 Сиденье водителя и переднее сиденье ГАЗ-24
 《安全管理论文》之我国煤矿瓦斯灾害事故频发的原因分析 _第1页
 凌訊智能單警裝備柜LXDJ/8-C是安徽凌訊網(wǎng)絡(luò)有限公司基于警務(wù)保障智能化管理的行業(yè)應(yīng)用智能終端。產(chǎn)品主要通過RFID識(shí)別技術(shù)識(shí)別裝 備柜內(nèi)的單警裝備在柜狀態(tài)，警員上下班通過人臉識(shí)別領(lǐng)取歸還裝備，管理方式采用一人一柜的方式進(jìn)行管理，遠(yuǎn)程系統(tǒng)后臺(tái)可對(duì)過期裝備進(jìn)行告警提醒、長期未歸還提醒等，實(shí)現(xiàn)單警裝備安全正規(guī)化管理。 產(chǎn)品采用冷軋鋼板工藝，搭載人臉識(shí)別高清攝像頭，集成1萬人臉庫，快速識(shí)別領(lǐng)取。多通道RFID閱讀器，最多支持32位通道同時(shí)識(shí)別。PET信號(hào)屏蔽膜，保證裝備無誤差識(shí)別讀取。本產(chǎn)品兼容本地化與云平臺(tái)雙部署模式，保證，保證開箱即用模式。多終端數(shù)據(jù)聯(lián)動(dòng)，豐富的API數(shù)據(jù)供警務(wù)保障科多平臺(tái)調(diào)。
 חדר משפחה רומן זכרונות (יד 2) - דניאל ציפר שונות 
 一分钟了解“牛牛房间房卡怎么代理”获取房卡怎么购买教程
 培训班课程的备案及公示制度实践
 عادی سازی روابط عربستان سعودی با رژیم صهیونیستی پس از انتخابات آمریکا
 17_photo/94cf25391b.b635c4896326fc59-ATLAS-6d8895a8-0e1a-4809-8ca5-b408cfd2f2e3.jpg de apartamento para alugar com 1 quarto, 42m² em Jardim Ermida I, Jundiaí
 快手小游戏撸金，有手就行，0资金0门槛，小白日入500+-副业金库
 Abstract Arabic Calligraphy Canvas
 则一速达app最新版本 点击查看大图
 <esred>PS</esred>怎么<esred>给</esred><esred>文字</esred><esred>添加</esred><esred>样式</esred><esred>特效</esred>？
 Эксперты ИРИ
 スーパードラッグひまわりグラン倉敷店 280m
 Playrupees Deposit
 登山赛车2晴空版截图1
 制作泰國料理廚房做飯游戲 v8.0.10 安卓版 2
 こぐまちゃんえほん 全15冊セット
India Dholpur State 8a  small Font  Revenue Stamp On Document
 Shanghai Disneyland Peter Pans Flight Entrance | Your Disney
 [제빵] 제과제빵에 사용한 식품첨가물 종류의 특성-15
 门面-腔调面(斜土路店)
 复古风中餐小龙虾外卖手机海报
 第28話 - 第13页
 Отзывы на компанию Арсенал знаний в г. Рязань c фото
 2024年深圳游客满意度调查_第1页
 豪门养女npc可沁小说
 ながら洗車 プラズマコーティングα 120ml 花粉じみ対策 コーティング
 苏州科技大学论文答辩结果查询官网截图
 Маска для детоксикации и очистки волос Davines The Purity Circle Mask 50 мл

+ + +

• TASK TO CARRY OUT
The lines above, starting at the one with "Ermida I, Jundiaí" and ending at the one with "Эксперты ИРИ", are the only ones to return, exactly as written.

• WRITTEN ANSWER
 17_photo/94cf25391b.b635c4896326fc59-ATLAS-6d8895a8-0e1a-4809-8ca5-b408cfd2f2e3.jpg de apartamento para alugar com 1 quarto, 42m² em Jardim Ermida I, Jundiaí
 快手小游戏撸金，有手就行，0资金0门槛，小白日入500+-副业金库
 Abstract Arabic Calligraphy Canvas
 则一速达app最新版本 点击查看大图
 <esred>PS</esred>怎么<esred>给</esred><esred>文字</esred><esred>添加</esred><esred>样式</esred><esred>特效</esred>？
 Эксперты ИРИ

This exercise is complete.